Task to complete: Pictures stay out; everything else in the records below is to be repeated exactly.
#### Dataset records ####
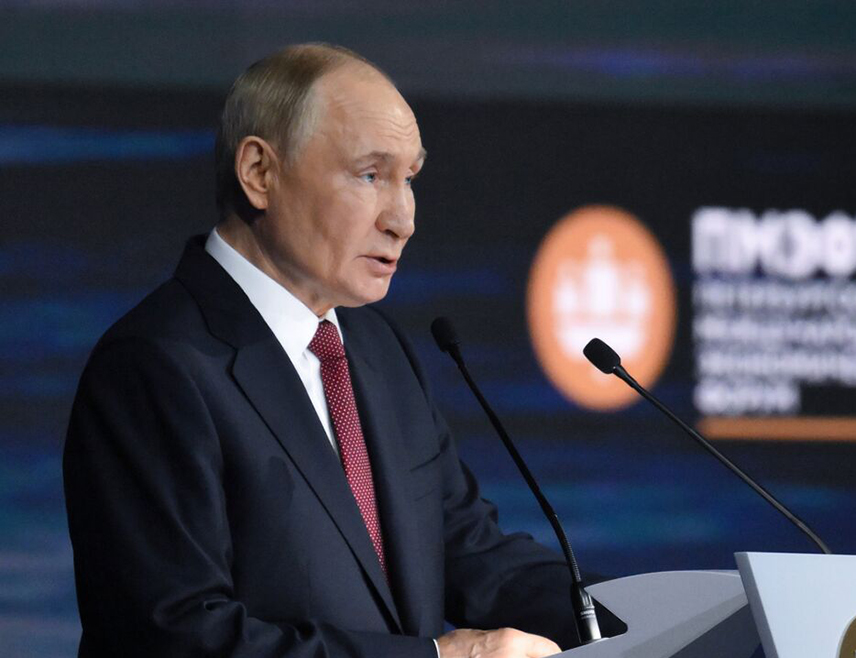 МОСКВА, 25. МАРТА /СРНА/ - Руски предсједник Владимир Путин подржао је приједлог писца Захара Прилепина о стварању алтернативе Нобеловој награди за књижевност која није подложна политичкој пристрасности.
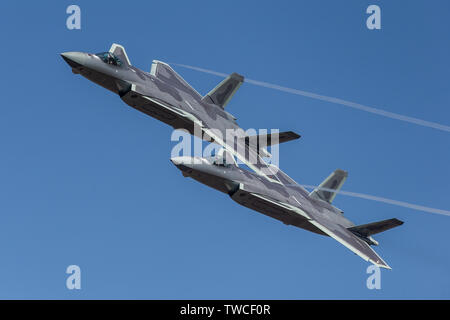 Le premier jour de l'Air Show 2018 Zhuhai, China's auto-développés nouvelle génération de fighter J-20 sont venus pour applaudir. L'image montre une photo haute définition de l'exécution en vol du chasseur J-20. Banque D'Images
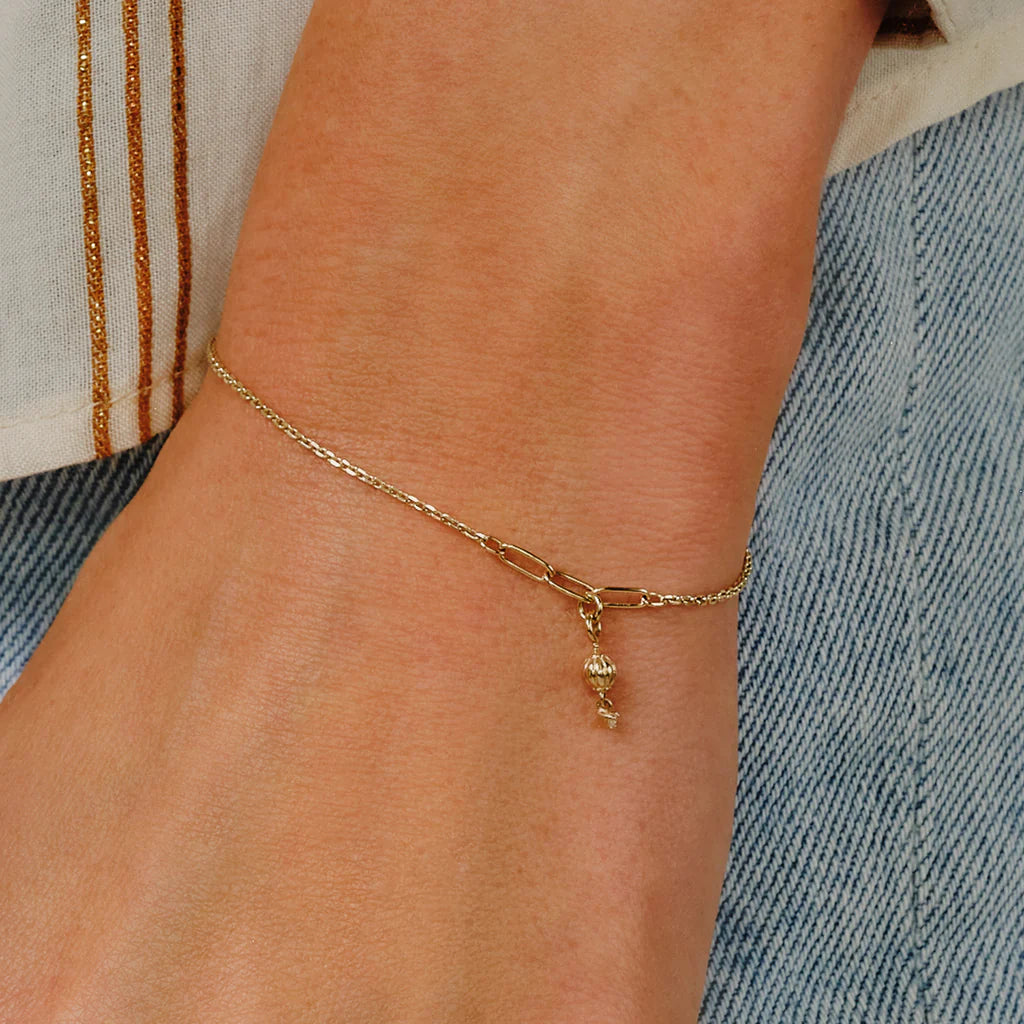 Metier Eiffel Detail Dala Lantern Droplet Bracelet
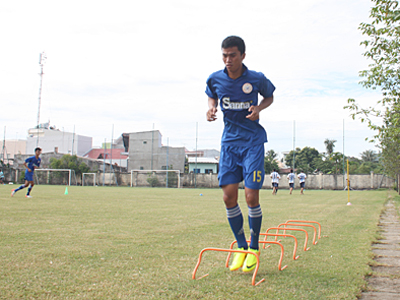 Hậu vệ biên Nguyễn Trung Hiếu có khả năng hỗ trợ tấn công rất tốt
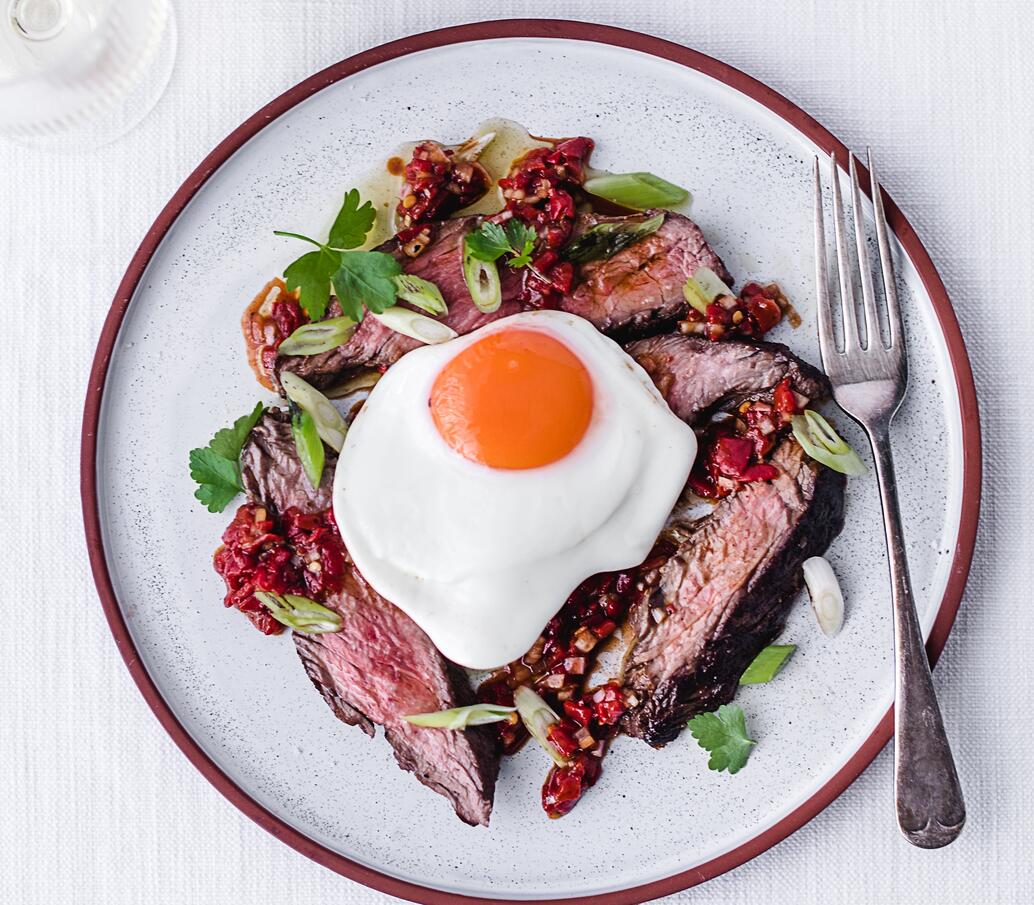 How To Cook Steak and Eggs with Red Pepper Salsa Farmison & Co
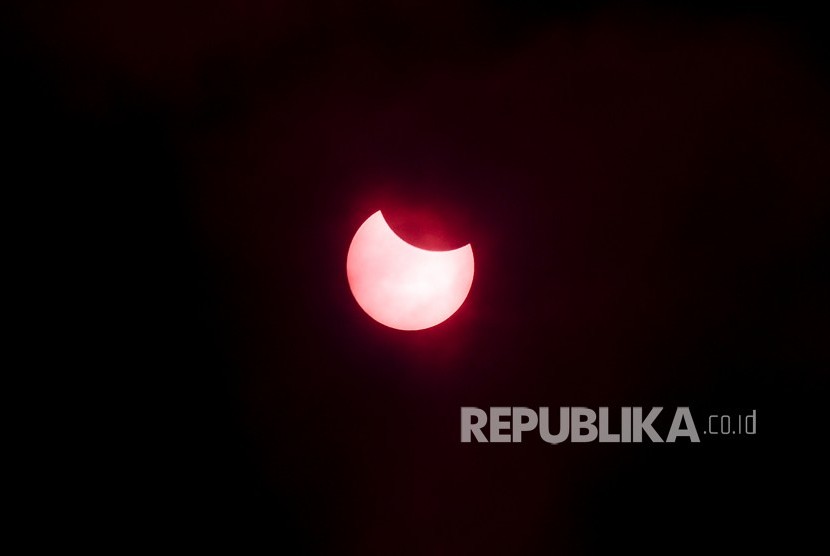 Fase gerhana matahari cincin parsial atau sebagian terlihat di Lapangan Sinapeul, Desa Gudangkahuripan, Lembang, Kabupaten Bandung Barat, Kamis (26/12).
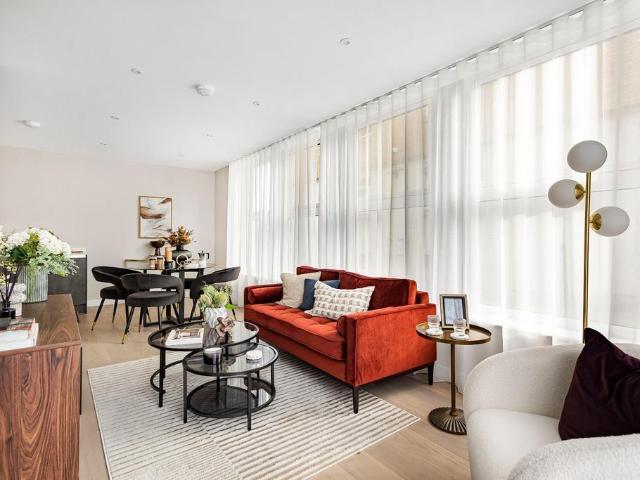 Flat for sale in Strand-on-the-Green, Greater London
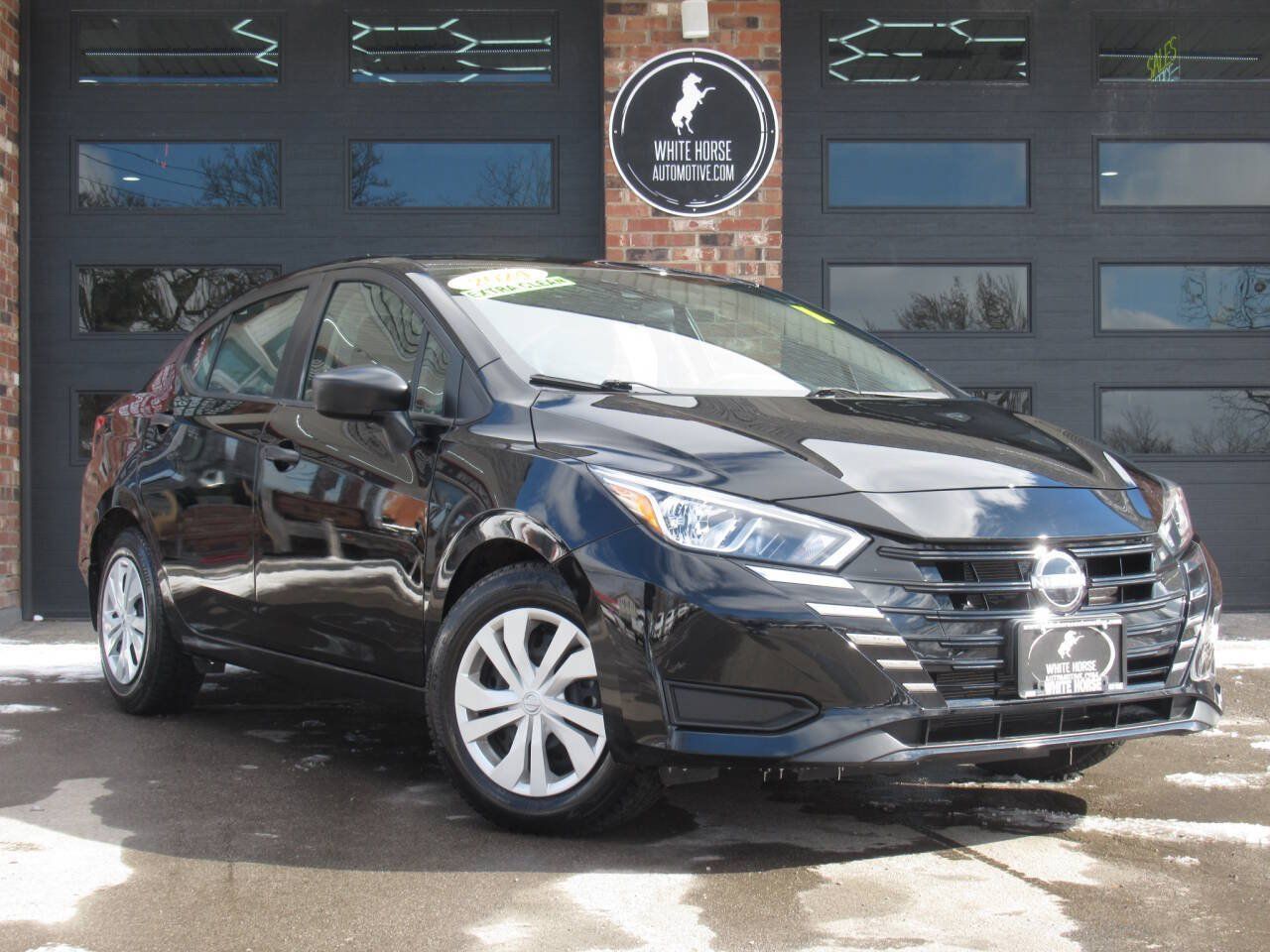 Used 2024 Nissan Versa S w/ Trunk Package FWD image 1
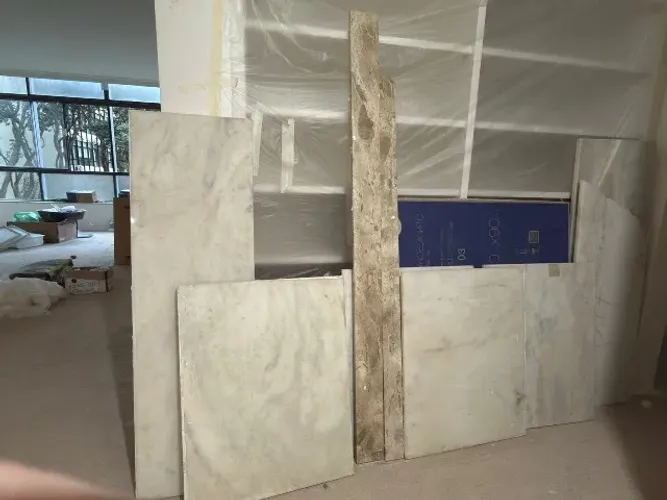 Peças de mármore branco Carrara e Bege Bahia 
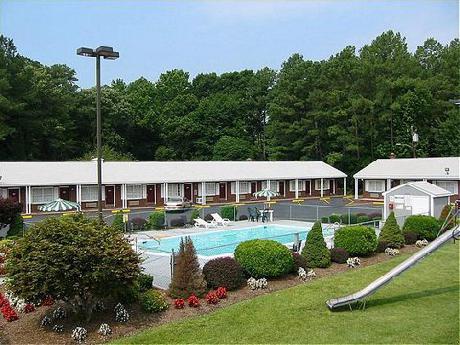 Yorktown Motor Lodge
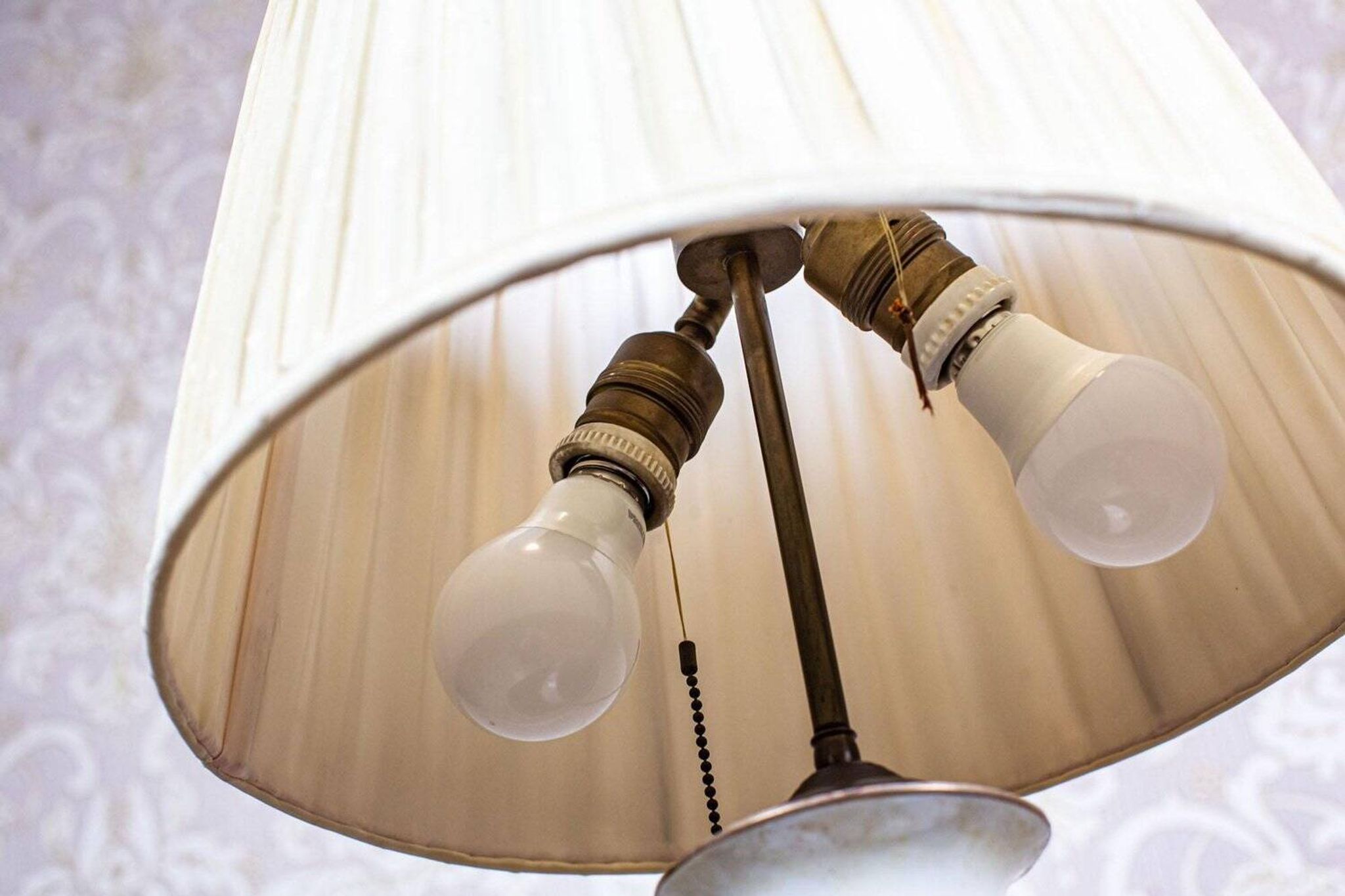 Vintage Electric Table Lamp with Decorative Ceramic Base, 1940s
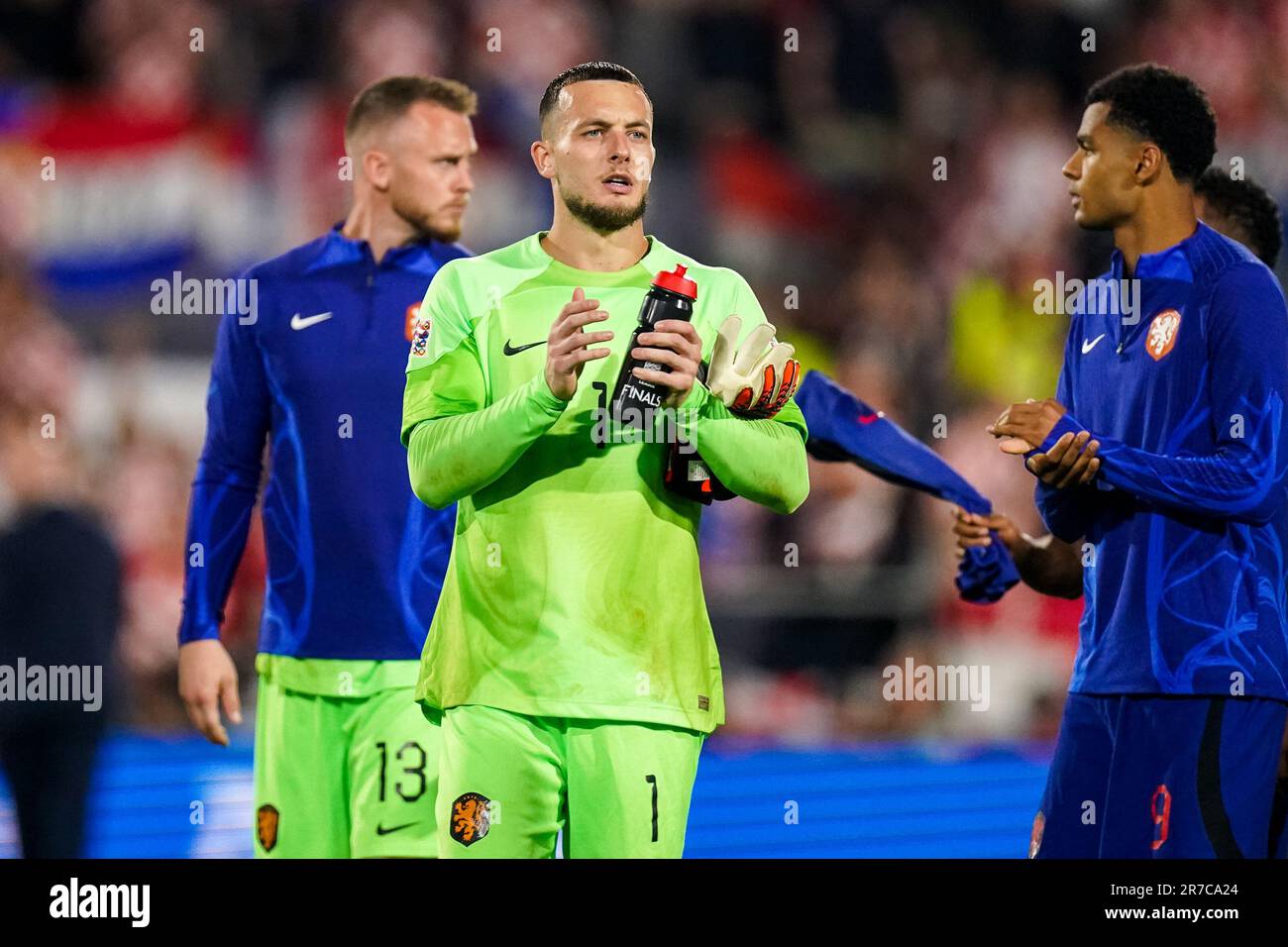 Rotterdam, Paesi Bassi. 14th giugno, 2023. ROTTERDAM, PAESI BASSI - Giugno 14: Justin Bijlow dei Paesi Bassi applaude durante la partita Semifinale della UEFA Nations League 2022/23 tra Paesi Bassi e Croazia al De Kuip il 14 Giugno 2023 a Rotterdam, Paesi Bassi (Foto di Joris Verwijst/BSR Agency) Credit: BSR Agency/Alamy Live News Foto Stock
####
Exercise result:
 МОСКВА, 25. МАРТА /СРНА/ - Руски предсједник Владимир Путин подржао је приједлог писца Захара Прилепина о стварању алтернативе Нобеловој награди за књижевност која није подложна политичкој пристрасности.
 Le premier jour de l'Air Show 2018 Zhuhai, China's auto-développés nouvelle génération de fighter J-20 sont venus pour applaudir. L'image montre une photo haute définition de l'exécution en vol du chasseur J-20. Banque D'Images
 Metier Eiffel Detail Dala Lantern Droplet Bracelet
 Hậu vệ biên Nguyễn Trung Hiếu có khả năng hỗ trợ tấn công rất tốt
 How To Cook Steak and Eggs with Red Pepper Salsa Farmison & Co
 Fase gerhana matahari cincin parsial atau sebagian terlihat di Lapangan Sinapeul, Desa Gudangkahuripan, Lembang, Kabupaten Bandung Barat, Kamis (26/12).
 Flat for sale in Strand-on-the-Green, Greater London
 Used 2024 Nissan Versa S w/ Trunk Package FWD image 1
 Peças de mármore branco Carrara e Bege Bahia 
 Yorktown Motor Lodge
 Vintage Electric Table Lamp with Decorative Ceramic Base, 1940s
 Rotterdam, Paesi Bassi. 14th giugno, 2023. ROTTERDAM, PAESI BASSI - Giugno 14: Justin Bijlow dei Paesi Bassi applaude durante la partita Semifinale della UEFA Nations League 2022/23 tra Paesi Bassi e Croazia al De Kuip il 14 Giugno 2023 a Rotterdam, Paesi Bassi (Foto di Joris Verwijst/BSR Agency) Credit: BSR Agency/Alamy Live News Foto Stock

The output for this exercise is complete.